— WORK INSTRUCTIONS —
Needed from the data below: every line from the one with "Swiss Roll Shaped Erasers Set of 3" up to and including the one with "GroovyGrove Utah Flower", repeated exactly and with nothing else.

Collected data entries:
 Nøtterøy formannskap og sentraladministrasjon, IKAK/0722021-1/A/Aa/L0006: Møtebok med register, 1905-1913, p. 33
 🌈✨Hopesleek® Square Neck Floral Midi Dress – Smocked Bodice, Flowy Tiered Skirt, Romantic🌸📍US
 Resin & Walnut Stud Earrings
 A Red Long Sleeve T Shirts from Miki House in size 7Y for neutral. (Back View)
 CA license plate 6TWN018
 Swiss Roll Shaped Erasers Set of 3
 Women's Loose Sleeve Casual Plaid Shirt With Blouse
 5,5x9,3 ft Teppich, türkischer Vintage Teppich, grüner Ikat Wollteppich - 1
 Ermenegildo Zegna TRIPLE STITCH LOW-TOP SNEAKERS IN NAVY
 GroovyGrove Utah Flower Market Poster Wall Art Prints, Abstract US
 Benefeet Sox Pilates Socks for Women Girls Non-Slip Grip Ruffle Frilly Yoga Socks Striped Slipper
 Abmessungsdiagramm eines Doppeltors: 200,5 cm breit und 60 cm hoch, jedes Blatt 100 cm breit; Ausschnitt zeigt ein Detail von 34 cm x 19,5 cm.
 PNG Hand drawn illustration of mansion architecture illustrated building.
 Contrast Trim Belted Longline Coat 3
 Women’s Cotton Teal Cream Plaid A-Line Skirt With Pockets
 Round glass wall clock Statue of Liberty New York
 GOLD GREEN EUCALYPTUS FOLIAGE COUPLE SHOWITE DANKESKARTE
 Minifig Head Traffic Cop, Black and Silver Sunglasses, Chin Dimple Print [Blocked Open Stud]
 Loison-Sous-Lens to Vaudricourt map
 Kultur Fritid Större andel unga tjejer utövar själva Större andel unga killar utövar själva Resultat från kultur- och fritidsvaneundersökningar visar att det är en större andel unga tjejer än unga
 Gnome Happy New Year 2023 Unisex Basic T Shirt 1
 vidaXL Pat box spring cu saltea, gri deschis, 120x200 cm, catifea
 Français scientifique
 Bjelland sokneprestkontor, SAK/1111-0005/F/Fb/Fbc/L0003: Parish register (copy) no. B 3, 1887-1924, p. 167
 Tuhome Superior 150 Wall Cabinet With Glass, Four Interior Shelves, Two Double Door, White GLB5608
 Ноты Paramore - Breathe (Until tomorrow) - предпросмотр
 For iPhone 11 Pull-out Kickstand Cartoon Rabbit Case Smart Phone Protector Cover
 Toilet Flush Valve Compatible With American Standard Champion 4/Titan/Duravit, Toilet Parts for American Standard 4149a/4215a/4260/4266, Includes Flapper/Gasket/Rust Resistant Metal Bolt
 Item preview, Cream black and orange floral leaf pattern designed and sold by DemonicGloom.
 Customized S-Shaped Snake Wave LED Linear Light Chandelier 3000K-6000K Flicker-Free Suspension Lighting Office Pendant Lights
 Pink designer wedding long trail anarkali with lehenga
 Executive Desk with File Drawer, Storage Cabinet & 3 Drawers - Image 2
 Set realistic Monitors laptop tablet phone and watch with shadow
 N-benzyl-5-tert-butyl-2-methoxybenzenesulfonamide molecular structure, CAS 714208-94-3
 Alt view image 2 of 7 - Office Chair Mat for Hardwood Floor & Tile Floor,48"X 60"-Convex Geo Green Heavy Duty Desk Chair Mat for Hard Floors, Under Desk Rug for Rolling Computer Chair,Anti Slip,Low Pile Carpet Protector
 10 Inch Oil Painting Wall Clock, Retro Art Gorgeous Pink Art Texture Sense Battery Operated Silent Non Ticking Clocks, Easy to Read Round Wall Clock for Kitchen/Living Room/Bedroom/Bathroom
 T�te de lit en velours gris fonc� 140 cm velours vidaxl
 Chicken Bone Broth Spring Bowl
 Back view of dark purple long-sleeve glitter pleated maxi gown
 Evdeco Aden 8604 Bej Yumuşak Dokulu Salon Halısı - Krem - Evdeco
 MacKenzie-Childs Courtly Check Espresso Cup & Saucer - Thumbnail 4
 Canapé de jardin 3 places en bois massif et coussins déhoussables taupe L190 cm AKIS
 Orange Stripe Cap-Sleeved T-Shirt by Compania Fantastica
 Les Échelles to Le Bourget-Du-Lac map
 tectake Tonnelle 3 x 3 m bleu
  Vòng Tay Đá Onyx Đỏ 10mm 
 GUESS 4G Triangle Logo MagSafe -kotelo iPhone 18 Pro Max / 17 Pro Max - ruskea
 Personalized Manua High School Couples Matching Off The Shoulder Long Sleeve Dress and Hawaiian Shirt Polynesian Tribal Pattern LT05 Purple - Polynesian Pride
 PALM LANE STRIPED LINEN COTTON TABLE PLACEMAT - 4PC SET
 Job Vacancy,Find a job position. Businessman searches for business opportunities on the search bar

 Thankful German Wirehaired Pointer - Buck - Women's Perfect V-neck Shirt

— ANSWER TO THE EXERCISE —
 Swiss Roll Shaped Erasers Set of 3
 Women's Loose Sleeve Casual Plaid Shirt With Blouse
 5,5x9,3 ft Teppich, türkischer Vintage Teppich, grüner Ikat Wollteppich - 1
 Ermenegildo Zegna TRIPLE STITCH LOW-TOP SNEAKERS IN NAVY
 GroovyGrove Utah Flower Market Poster Wall Art Prints, Abstract US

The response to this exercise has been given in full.